# WHAT YOU ARE ASKED TO DO:
Write out exactly the lines below starting at the one containing "25.07.2026, Mindelheim, Unterallgäu, Heftiges" and ending at the one containing "Reunión clave que". Omit every picture.

***** EXERCISE DATA *****

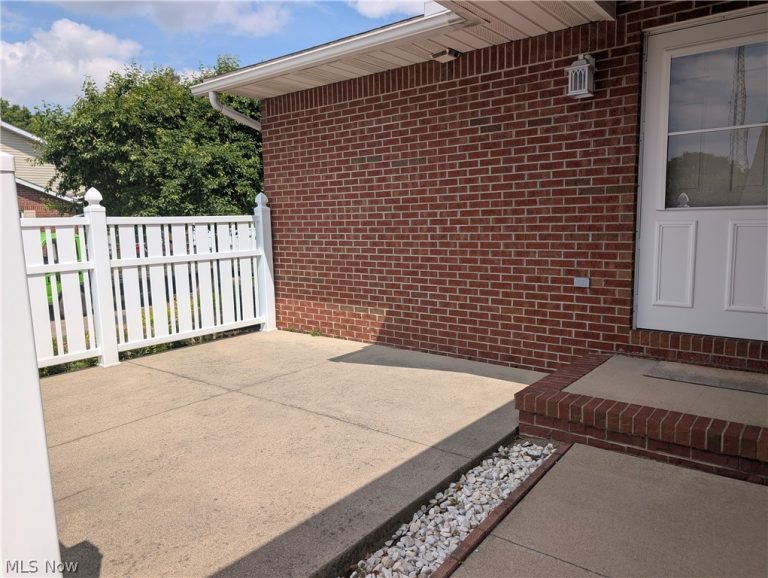 202 Greenbriar Lane, Dalton, OH - Photo 4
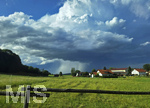25.07.2026, Mindelheim, Unterallgäu, Heftiges Gewitter mit Hagel und Sturm über der Stadt Bad Wörishofen im Unterallgäu (Bayern). Hier die Sturmfront mit extremer Wolken-Walze und dem Regen dahinter über den Feldern und Häusern.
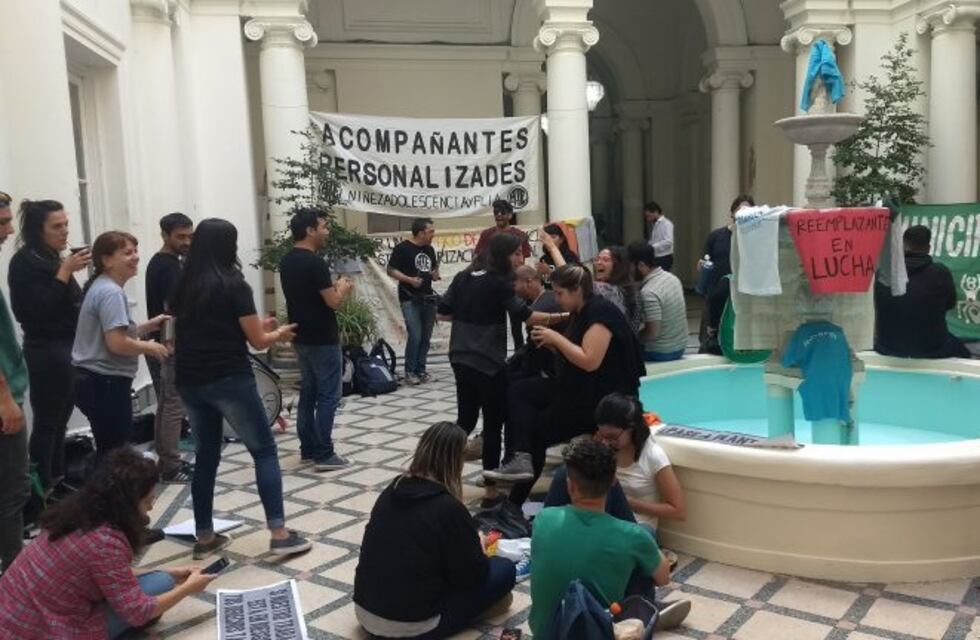 Reunión clave que se realizará al mediodía destrabó la toma del Palacio de los Leones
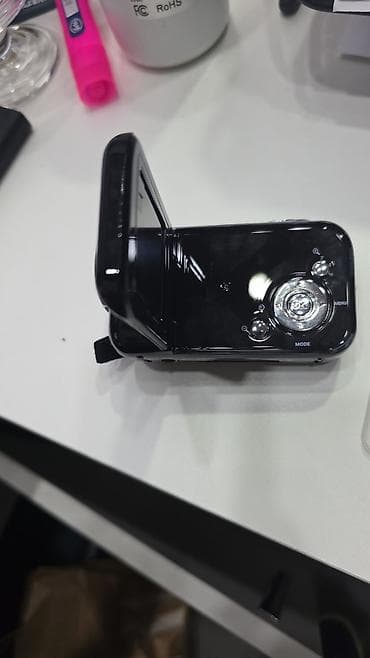 Videokameralar: Rəqəmsal Video Kamera – HD Video Recorder Xüsusiyyətlər: - HD video — 2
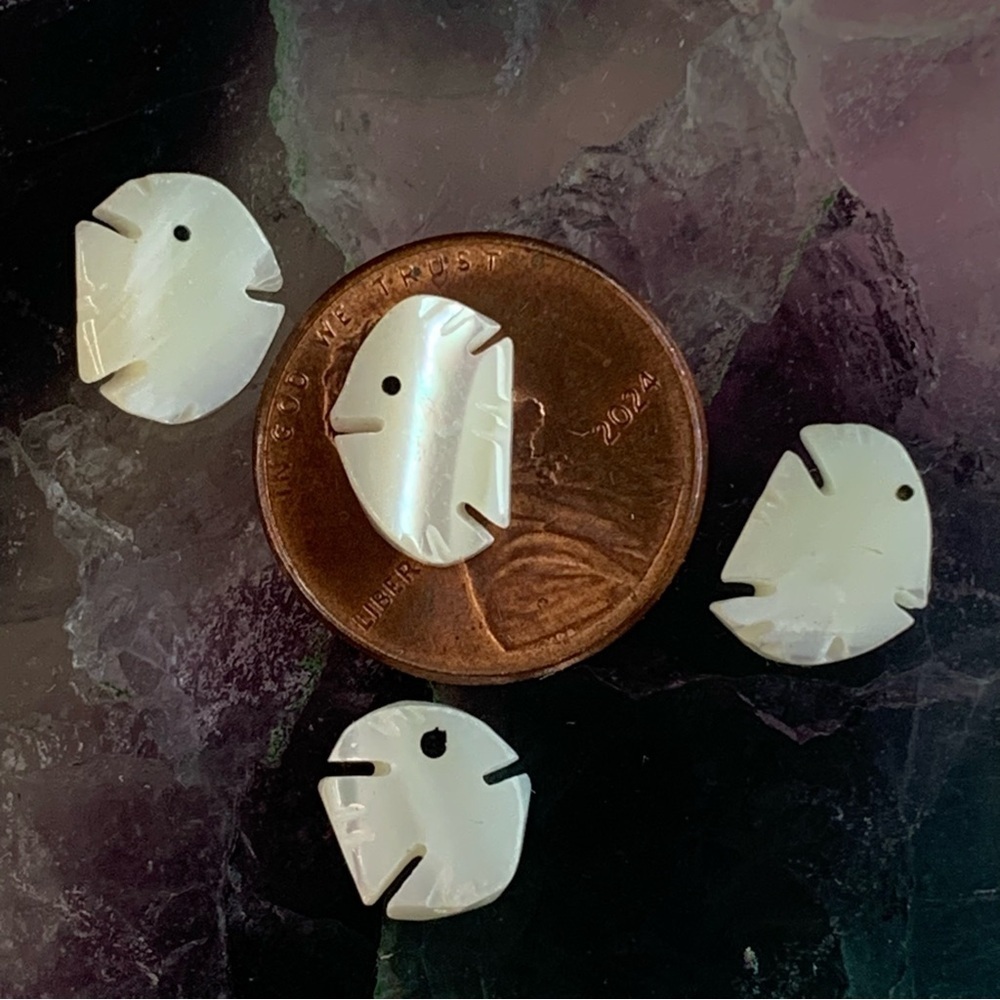 4 Hand Carved Mother of Pearl Fish Fetish Beads MOP Angelfish Vintage Lot 10mm - Picture 6 of 16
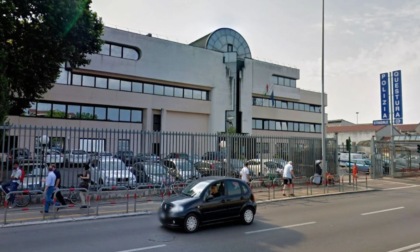 Provano a scavalcare i cancelli della Questura e aggrediscono gli agenti, arrestati due giovani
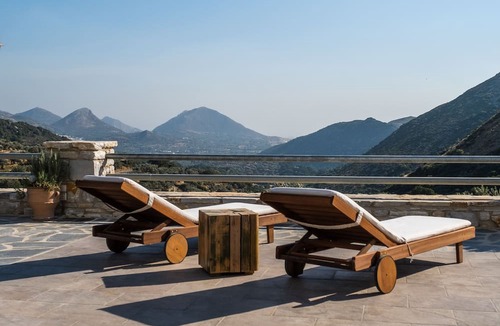 Naxos House | ELAIOLITHOS - Luxury Villa Suites - Adults Only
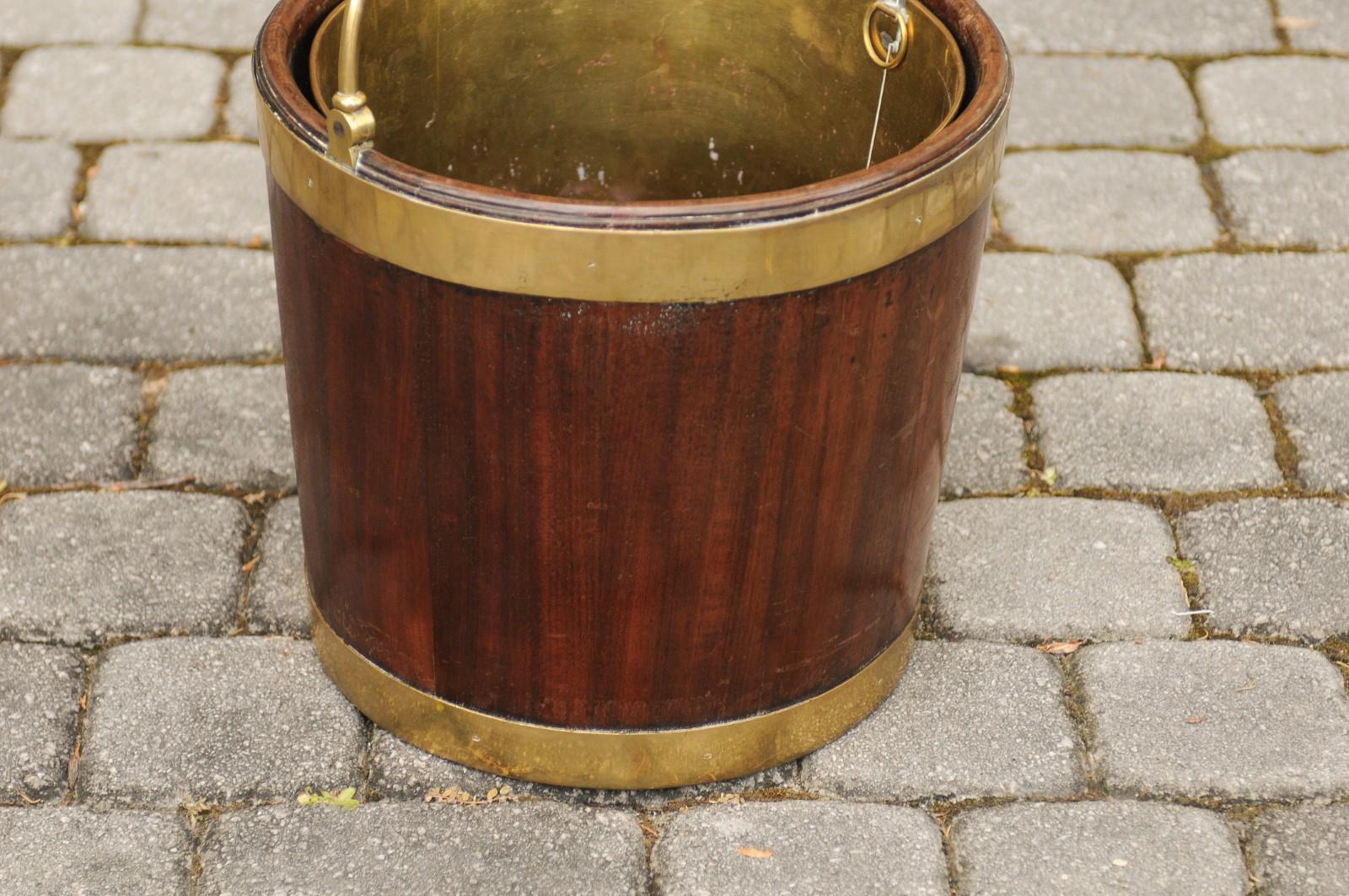English 1830s Regency Mahogany Bucket with Brass Liner, Handle and Braces For Sale 5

*****

# RESPONSE BOX:
25.07.2026, Mindelheim, Unterallgäu, Heftiges Gewitter mit Hagel und Sturm über der Stadt Bad Wörishofen im Unterallgäu (Bayern). Hier die Sturmfront mit extremer Wolken-Walze und dem Regen dahinter über den Feldern und Häusern.
 Reunión clave que se realizará al mediodía destrabó la toma del Palacio de los Leones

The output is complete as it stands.